An increasing use of technology and the advanced development of information technology require a 
large capacity of bandwidth and mobile services. These lead to the badwidth fluctuation particularly those 
that use video transmission. Furthermore, wireless channel condition and bandwidth availability determine 
the quality of video transmission. One of the attractive methods to solve the aforementioned problems in 
video transmission over wireless channel is layering transmission method. In this method, bit streams are 
scaled into a number of layer which consists of base and enhancement layers.. This is known as scalable 
video method. This method is also implemented in multicast network where receivers only receive video 
transmission as needed [1]. 

A systematic review of the vision of scalable video coding (SVC) over broadband is given in [1]. 
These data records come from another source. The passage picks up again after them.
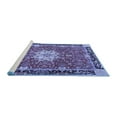 thumbnail image 2 of Ahgly Company Machine Washable Indoor Square Persian Blue Traditional Area Rugs, 4' Square, 2 of 4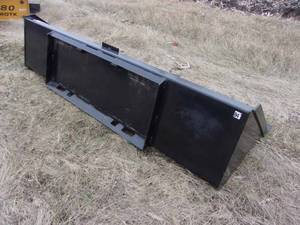 New Midstate Attachments 84-inch Skid-steer Dirt Bucket, Weld on Cutting Edge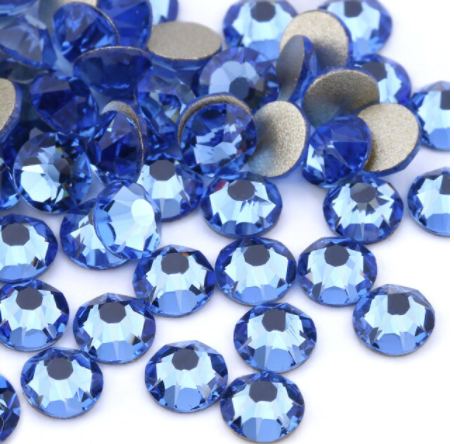 Light Blue Crystal Rhinestones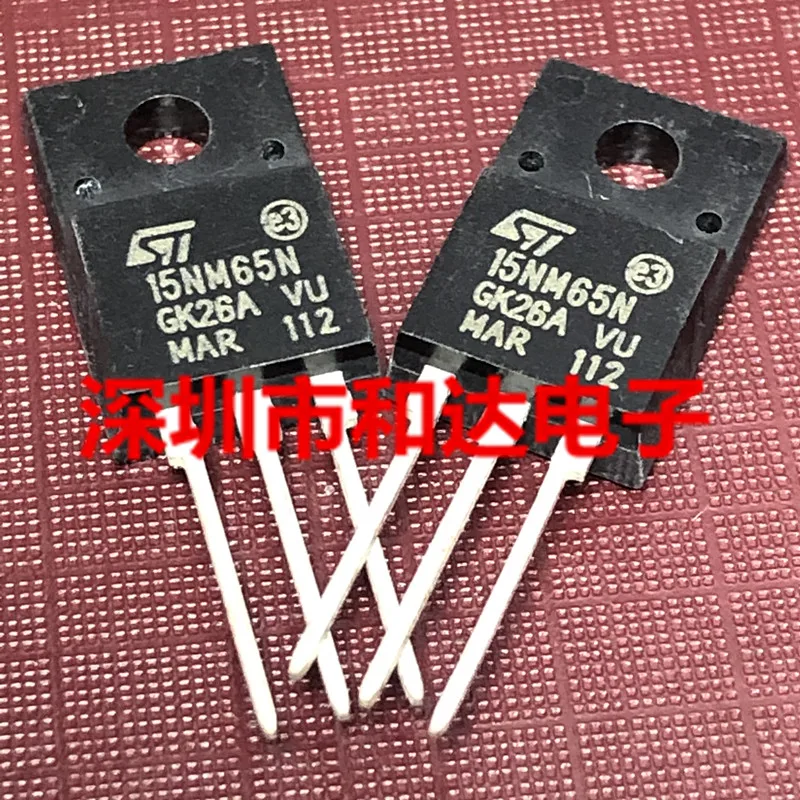 5 шт. 15NM65N STF15NM65N TO-220F 650V 15.5A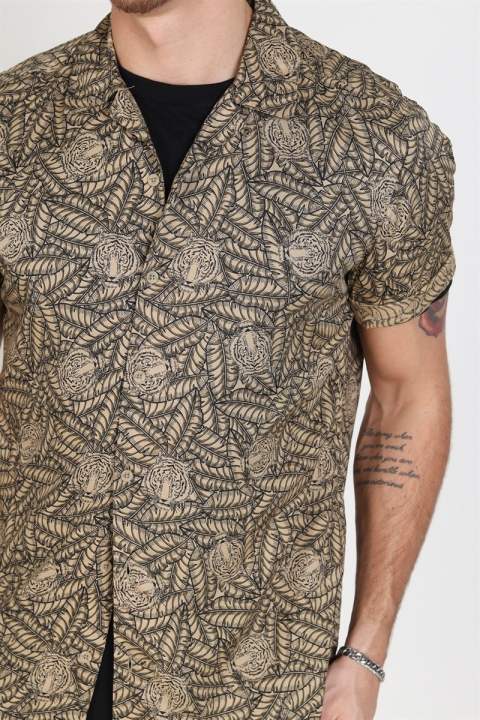 Only & Sons Gabrial S/S Animal Viscose Shirt Incense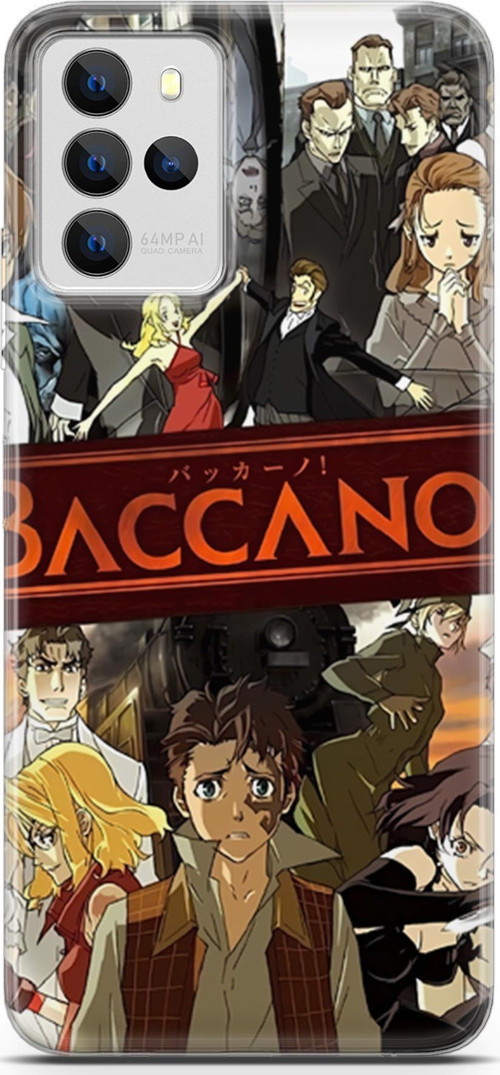 Omix X700 uyumlu Anime 4 Fit Baskılı Baccano Anime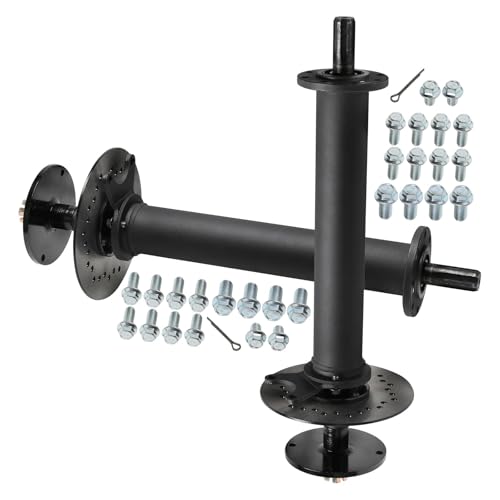 Heavy Duty 43.3" Rear Differential Axle Kit – 6T 25mm Drive Shaft with 110mm Wheel Hubs, 4 Bolt Flange for Go-Kart, Golf Cart, ATV, Quad, Buggy, Tricycle, Mini Bike, DIY Project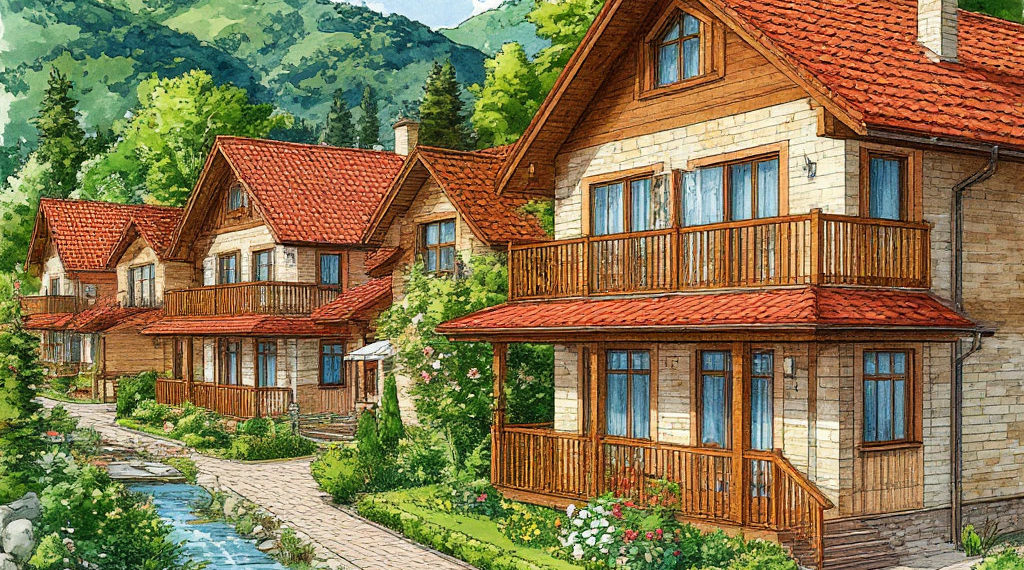 Суд постановил снести коттеджный поселок в Ольгинке из-за нелегальной застройки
Moreover the application of the performances of SVC and its applications is shown in [2]-[4]. SVC is known 
in three basics which are quality scalable (SNR scalable), temporal scalable, and spatial scalable. The 
combination of these basics, known as Combined Scalable Video Coding (CSVC), is carried out by 
combining the advantage of each one to transmit video when bit rate is prioritized and SNR scalable is used 
when quality is preferred. The advantage of CSVC lies in the solution that it provides for video transmission 
from various inputs in heterogeneous networks with multiple terminals having different capacities. 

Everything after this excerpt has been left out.